UNITED STATES DISTRICT COURT SOUTHERN DISTRICT OF NEW YORK


December 29, 2005

DR. HARRY GAUS PLAINTIFF,
v.
CONAIR CORPORATION DEFENDANT.

The opinion of the court was delivered by: Frank Maas, United States Magistrate Judge.

MEMORANDUM DECISION AND ORDER

On August 10, 2005, the Court issued an Order (the "August 10th Order") granting defendant Conair Corporation's motion to recover the $65,611 in premiums it expended for a $10 million supersedeas bond. (Docket No. 179). In the same Order, the Court denied Conair's motion to recover transcript costs and reserved decision on Conair's request to recover the sums it spent to secure an $18.5 million letter of credit. The Court allowed ten days for Conair to file supplemental papers regarding the cost of a supersedeas bond in the amount of $28.5 million and gave the plaintiff, Dr. Harry Gaus ("Dr. Gaus"), five days to respond.

On August 24, 2005, Conair filed its supplemental papers. (Docket No. 182). Rather than responding to that submission, Dr. Gaus filed a motion on the same date for reconsideration of the Court's August 10th Order. (Docket Nos. 181, 183).

For the reasons set forth below, the Court now grants Conair's application to recover the costs incurred in securing the letter of credit and denies Dr. Gaus' motion for reconsideration.

A. Conair's Motion for Costs

As noted in the August 10th Order, in Trans World Airlines, Inc. v. Hughes, 515 F.2d 173, 178 (2d Cir. 1975), the Second Circuit allowed a defendant to recover the cost of a letter of credit used to secure a judgment pending appeal. (August 10th Order at 4). The Second Circuit later clarified in Lerman v. Flint Distrib. Co., 789 F. 2d 164, 166 (2d Cir. 1986), that the Trans World Airlines decision was limited to circumstances where the letter of credit served the same purpose as a supersedeas bond, the arrangement was agreed to by the opposing party and approved by the Court, and the alternative arrangement cost less than a supersedeas bond would have cost. Id. at 166. In the August 10th Order, Conair was directed to submit proof that it met the third of these requirements.

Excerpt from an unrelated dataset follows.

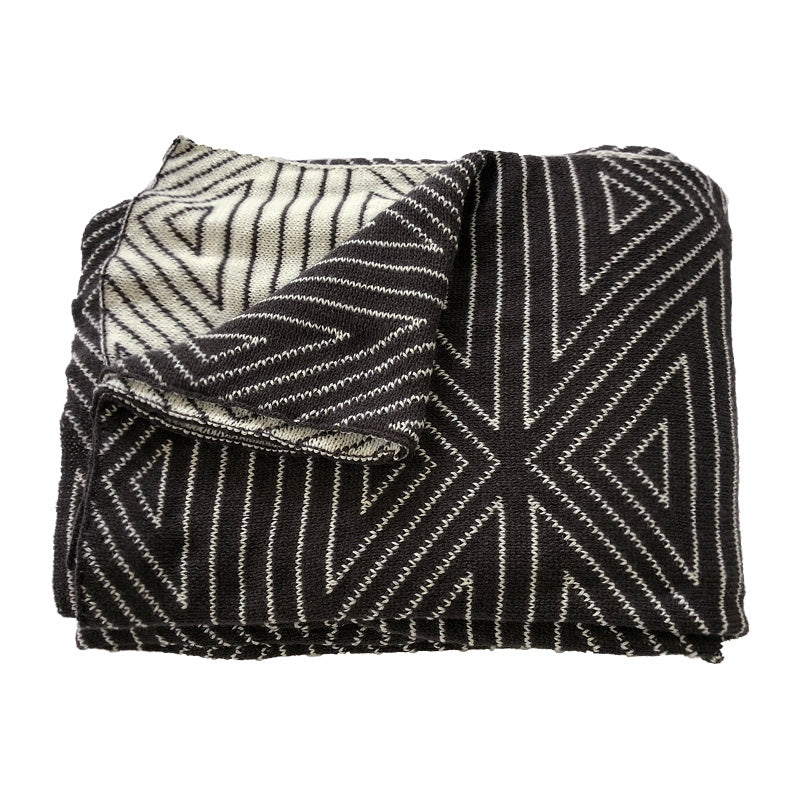 HKM-211987 Nordic Knitted Woollen Acrylic Blanket 130 cm x 170 cm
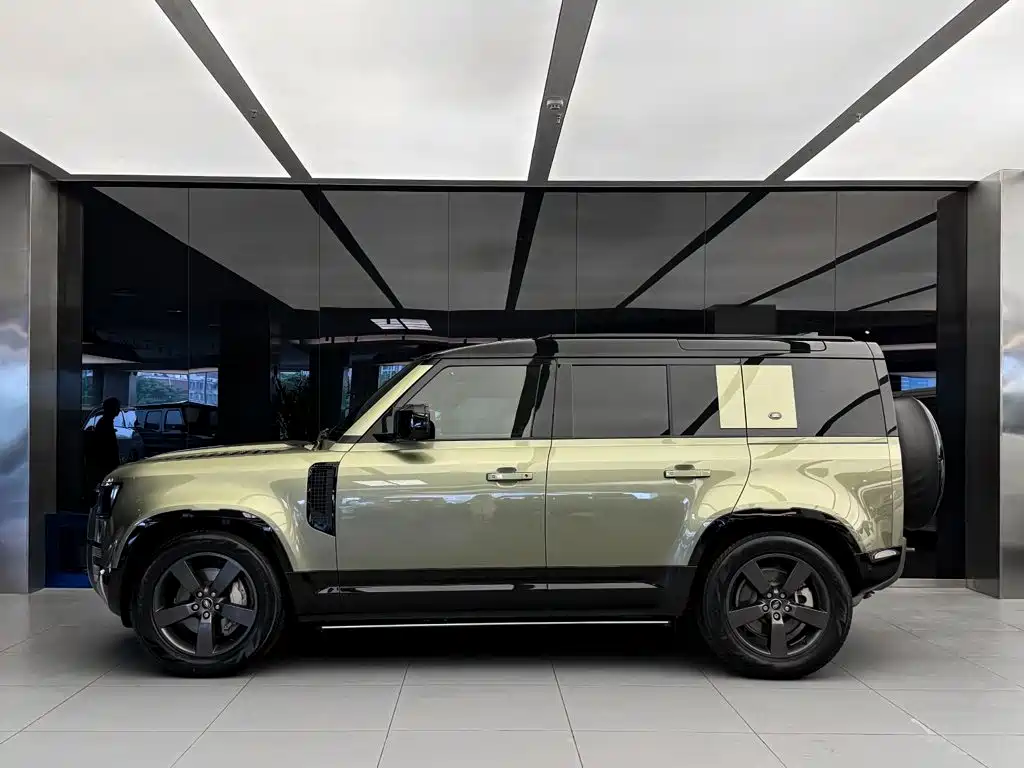 Land Rover Defender — миниатюра 3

As part of its supplemental papers, Conair has submitted the affidavit of Natalie Reingold, Assistant Vice-President of the Surety Department of Marsh, U.S.A., Conair's insurance broker. (See Decl. of Gregory A. Brehm. Esq., dated Aug. 24, 2005, Ex. A (Aff. of Ms. Reingold, dated Aug. 23, 2005)). Attached to the Reingold affidavit are two quotes that Marsh received in 2002 for a proposed surety bond in the amount of $28 million. The first surety offered to issue a $28 million bond at a rate of $12.50 per thousand (or a total of $350,000) per year, provided that Conair furnished a letter of credit to secure 50% of the amount of the bond. (See Reingold Aff. Ex. 1). The second surety quoted a rate of $15-$20 per thousand (or a total of $420,000-$560,000) per year, but would have required Conair to post collateral sufficient to secure 100% of the bond. (See id.).

Conair's letter of credit was in effect from February 20, 2003 to August 25, 2004, i.e., one year and 187 days), Accordingly, if Conair had obtained a supersedeas bond for the full $28 million that I had required be posted and kept it in place for this entire period, it would have had to pay a minimum of $528,000 ($350,000 ($350,000 x 187 ÷ 366)), assuming that the rates quoted in 2002 remained applicable during this period. Conair also would have had the cost of posting a letter of credit or other collateral. Thus, the actual $286,210.35 combined cost of the $18 million letter of credit ($220,599.35) and the $10 million supersedeas bond ($65,611) was substantially lower than the likely cost of a $28 million supersedeas bond. As such, Conair is entitled to recover from Dr. Gaus the $220,599.35 in fees it spent on the $18.5 million letter of credit.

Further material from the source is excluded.